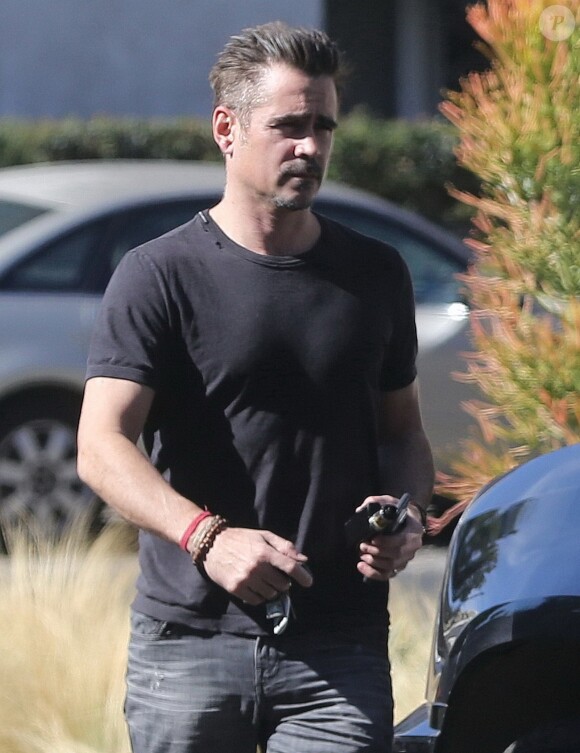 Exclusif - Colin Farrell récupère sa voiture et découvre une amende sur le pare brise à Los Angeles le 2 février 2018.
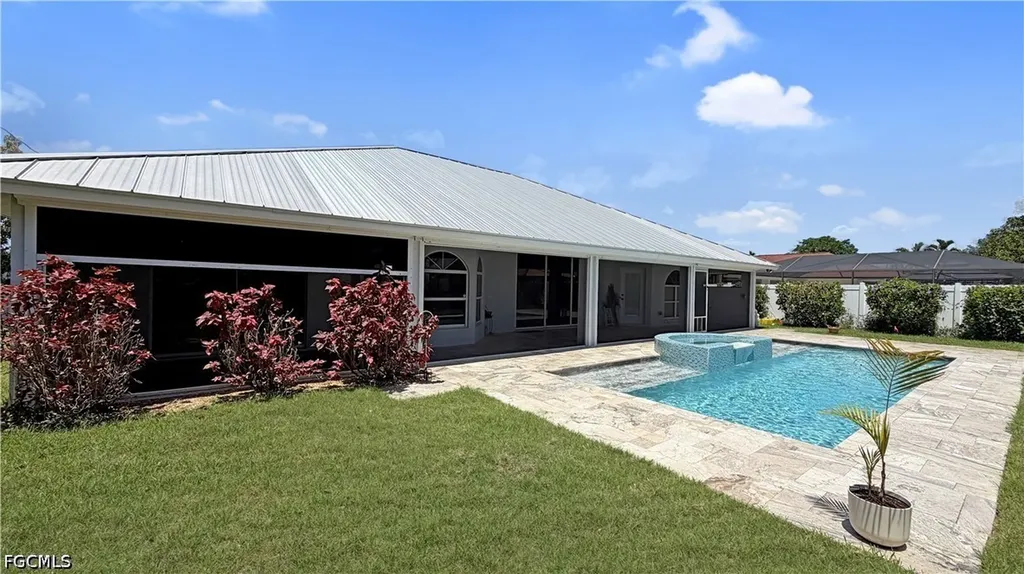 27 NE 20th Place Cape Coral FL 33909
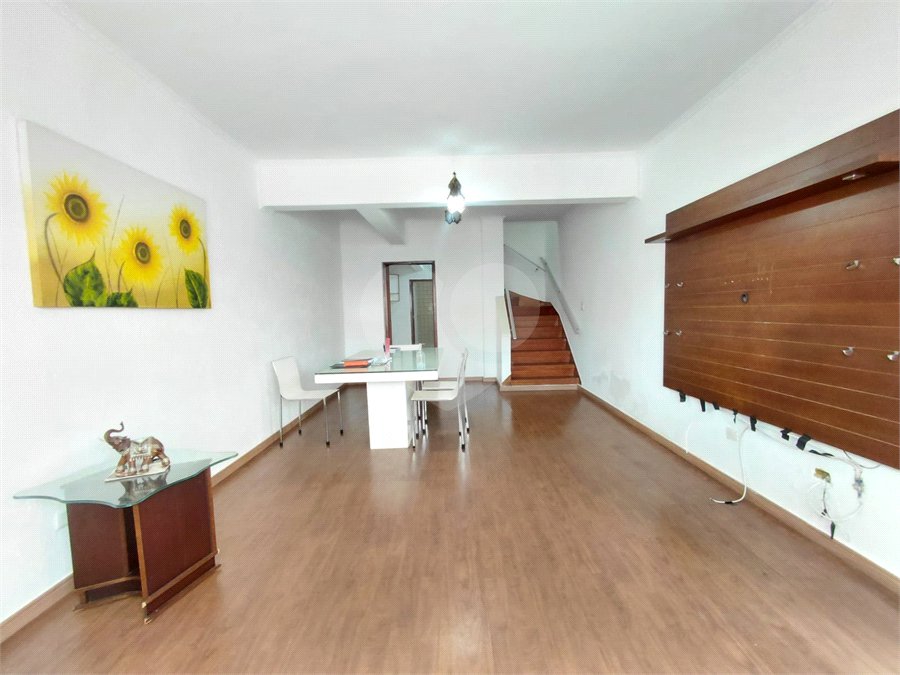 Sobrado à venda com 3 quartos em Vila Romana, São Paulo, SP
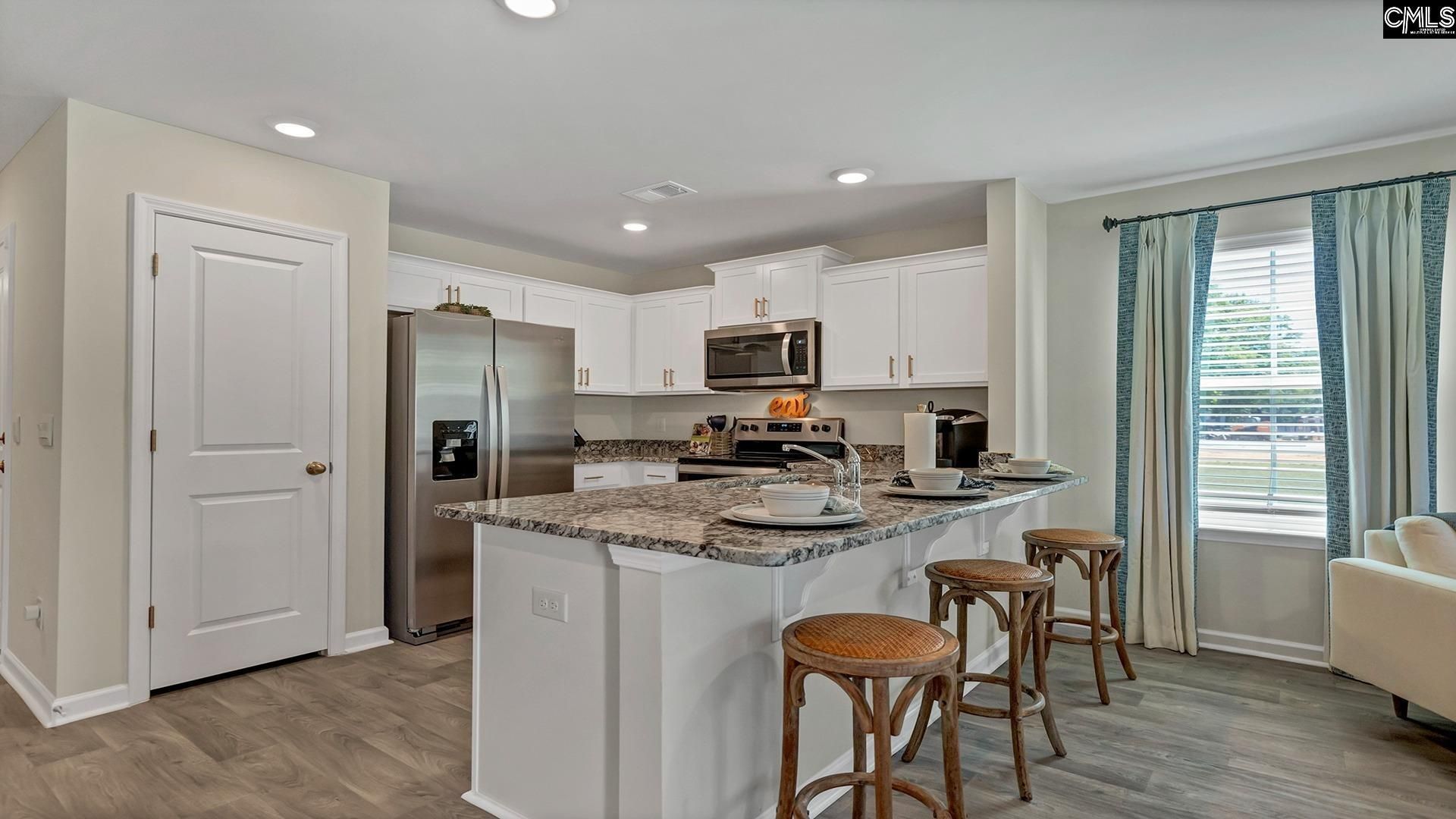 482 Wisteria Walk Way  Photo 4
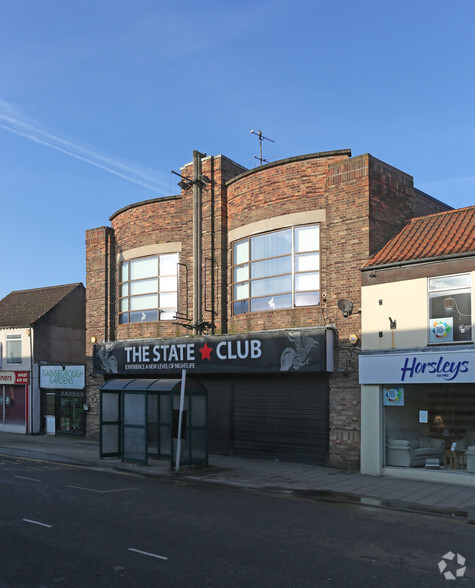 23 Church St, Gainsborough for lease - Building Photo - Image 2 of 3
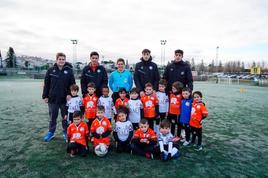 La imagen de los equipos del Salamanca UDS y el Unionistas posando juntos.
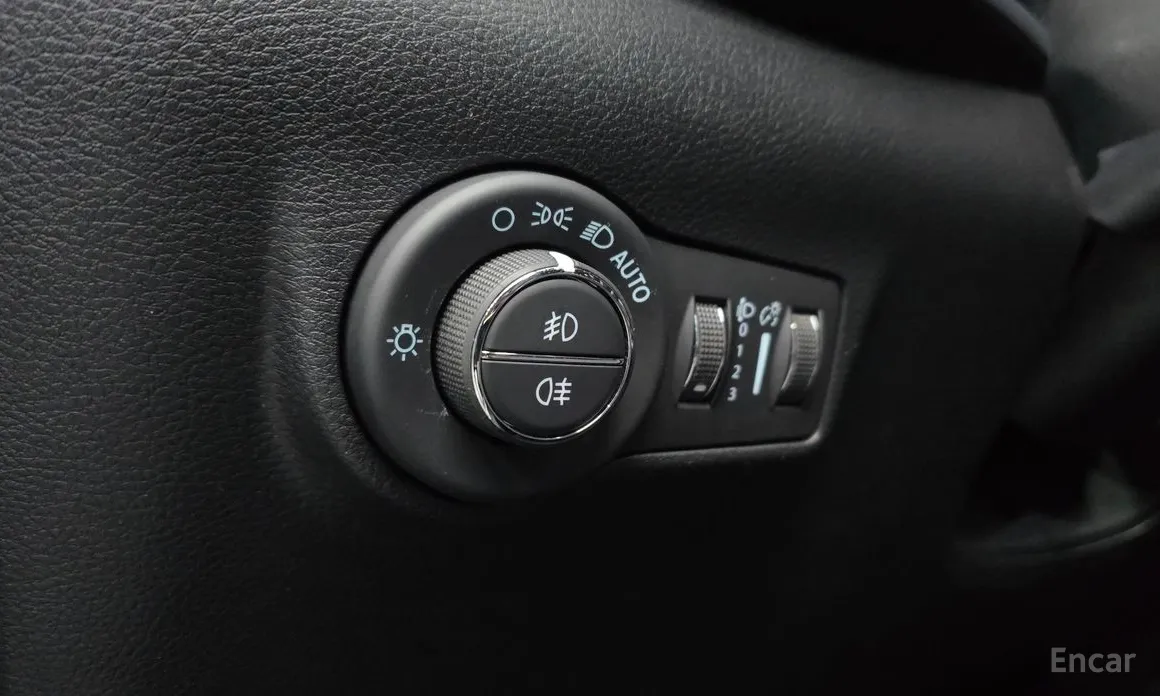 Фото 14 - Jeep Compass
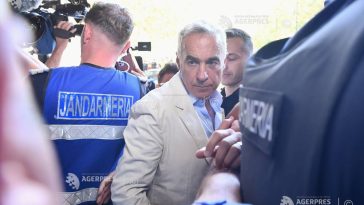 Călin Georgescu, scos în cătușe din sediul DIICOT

··········

* _EXERCISE_
Do not include pictures. Copy only the lines running from the line with "Sobrado à venda" through the last line of the records, exactly as they appear.

* _RESULT OF THE EXERCISE_
 Sobrado à venda com 3 quartos em Vila Romana, São Paulo, SP
 482 Wisteria Walk Way  Photo 4
 23 Church St, Gainsborough for lease - Building Photo - Image 2 of 3
 La imagen de los equipos del Salamanca UDS y el Unionistas posando juntos.
 Фото 14 - Jeep Compass
 Călin Georgescu, scos în cătușe din sediul DIICOT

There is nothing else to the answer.